[GIVEN RECORDS]
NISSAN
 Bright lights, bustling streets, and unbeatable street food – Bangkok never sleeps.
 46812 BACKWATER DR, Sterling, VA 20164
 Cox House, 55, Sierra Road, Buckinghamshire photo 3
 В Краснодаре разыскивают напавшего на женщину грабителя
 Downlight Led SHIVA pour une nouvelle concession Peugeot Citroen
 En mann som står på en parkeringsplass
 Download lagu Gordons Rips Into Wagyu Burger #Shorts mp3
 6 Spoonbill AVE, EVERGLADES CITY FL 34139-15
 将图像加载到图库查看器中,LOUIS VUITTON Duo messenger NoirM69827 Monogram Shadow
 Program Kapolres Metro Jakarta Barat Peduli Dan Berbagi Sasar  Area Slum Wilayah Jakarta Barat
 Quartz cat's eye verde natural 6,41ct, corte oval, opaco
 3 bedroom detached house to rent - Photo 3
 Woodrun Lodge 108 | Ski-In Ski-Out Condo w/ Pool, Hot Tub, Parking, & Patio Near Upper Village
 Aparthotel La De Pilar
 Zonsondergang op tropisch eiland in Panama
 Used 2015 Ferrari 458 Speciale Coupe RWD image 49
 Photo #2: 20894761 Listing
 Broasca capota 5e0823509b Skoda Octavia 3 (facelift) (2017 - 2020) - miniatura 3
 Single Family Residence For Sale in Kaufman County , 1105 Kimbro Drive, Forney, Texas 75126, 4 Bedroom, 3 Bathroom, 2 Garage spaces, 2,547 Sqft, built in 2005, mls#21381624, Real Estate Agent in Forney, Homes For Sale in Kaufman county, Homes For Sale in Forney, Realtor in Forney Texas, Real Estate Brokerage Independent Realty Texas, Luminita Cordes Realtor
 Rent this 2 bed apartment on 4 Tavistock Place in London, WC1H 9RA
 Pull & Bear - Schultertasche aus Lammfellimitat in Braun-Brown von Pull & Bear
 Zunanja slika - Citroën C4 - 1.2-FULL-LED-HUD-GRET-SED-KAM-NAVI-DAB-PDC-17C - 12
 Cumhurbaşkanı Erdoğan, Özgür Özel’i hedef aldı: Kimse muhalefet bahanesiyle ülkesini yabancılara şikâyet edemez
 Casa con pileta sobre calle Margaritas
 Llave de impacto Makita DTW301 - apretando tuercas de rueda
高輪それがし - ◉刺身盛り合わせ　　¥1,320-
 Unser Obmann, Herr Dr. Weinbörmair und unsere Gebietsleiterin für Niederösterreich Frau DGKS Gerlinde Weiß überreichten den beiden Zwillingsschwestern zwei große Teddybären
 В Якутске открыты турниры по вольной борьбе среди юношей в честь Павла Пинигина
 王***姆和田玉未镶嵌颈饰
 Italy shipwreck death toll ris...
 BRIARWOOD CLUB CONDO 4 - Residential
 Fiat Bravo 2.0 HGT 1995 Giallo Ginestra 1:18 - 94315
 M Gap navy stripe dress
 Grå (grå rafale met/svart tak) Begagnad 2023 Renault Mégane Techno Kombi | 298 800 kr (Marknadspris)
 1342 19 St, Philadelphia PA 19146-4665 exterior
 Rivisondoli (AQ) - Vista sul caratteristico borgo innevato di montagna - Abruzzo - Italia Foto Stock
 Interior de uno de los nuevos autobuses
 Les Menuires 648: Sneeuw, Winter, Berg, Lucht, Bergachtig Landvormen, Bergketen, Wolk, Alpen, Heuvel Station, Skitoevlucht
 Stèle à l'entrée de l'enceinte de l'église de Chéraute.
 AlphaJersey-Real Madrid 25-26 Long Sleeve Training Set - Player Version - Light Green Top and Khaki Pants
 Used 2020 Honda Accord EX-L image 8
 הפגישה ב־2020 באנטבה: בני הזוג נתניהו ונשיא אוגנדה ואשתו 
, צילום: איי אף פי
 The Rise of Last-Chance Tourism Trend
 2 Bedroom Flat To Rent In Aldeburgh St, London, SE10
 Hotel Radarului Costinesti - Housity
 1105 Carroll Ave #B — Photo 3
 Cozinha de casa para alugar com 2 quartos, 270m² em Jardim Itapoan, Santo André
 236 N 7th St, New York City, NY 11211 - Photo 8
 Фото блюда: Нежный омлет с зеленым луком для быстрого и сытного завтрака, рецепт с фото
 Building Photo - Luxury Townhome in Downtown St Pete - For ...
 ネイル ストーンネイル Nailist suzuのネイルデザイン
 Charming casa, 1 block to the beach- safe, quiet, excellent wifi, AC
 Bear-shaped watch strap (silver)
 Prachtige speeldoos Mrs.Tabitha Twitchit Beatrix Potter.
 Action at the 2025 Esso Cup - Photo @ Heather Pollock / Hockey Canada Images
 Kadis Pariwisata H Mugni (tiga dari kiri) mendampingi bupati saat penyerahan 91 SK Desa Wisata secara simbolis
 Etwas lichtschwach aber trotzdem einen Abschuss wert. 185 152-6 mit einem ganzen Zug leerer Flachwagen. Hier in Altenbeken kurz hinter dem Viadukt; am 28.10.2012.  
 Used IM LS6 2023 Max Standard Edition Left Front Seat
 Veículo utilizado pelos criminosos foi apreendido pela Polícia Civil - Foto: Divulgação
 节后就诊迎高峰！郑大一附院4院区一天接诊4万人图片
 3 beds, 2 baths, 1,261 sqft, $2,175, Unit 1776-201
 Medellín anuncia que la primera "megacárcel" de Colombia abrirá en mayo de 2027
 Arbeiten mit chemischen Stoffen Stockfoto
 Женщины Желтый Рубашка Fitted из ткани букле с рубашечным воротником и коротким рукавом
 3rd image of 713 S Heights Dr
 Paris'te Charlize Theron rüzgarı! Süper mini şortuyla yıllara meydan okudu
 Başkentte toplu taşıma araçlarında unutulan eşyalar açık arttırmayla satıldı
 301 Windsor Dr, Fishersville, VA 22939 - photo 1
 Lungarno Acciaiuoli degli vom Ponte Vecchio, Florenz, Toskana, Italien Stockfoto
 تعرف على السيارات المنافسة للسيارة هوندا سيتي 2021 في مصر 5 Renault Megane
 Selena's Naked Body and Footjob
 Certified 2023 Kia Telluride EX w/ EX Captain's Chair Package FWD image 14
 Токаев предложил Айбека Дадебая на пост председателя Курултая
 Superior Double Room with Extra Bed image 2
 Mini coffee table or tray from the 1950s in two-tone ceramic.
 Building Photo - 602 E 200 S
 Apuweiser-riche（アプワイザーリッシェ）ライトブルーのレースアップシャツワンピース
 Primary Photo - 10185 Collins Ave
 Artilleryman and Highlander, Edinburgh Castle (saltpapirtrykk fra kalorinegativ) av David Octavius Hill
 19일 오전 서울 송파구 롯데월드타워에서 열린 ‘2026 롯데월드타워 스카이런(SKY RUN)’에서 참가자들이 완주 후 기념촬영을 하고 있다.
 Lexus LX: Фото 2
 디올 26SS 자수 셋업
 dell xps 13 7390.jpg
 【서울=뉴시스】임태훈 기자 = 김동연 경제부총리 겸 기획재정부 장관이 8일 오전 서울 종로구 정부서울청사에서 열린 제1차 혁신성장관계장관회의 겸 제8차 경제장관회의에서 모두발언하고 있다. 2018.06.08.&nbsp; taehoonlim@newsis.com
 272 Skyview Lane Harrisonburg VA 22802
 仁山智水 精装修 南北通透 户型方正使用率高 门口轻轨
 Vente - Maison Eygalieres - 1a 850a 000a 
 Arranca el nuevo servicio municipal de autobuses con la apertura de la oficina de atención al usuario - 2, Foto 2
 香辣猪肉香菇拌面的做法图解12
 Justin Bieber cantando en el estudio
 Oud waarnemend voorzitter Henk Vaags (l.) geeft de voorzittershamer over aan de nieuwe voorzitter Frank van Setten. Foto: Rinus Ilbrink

[WHAT YOU WILL DO]
Look through the lines above and collect those with the word "Bear".

[SOLUTION FOR THIS TASK]
 Pull & Bear - Schultertasche aus Lammfellimitat in Braun-Brown von Pull & Bear
 Bear-shaped watch strap (silver)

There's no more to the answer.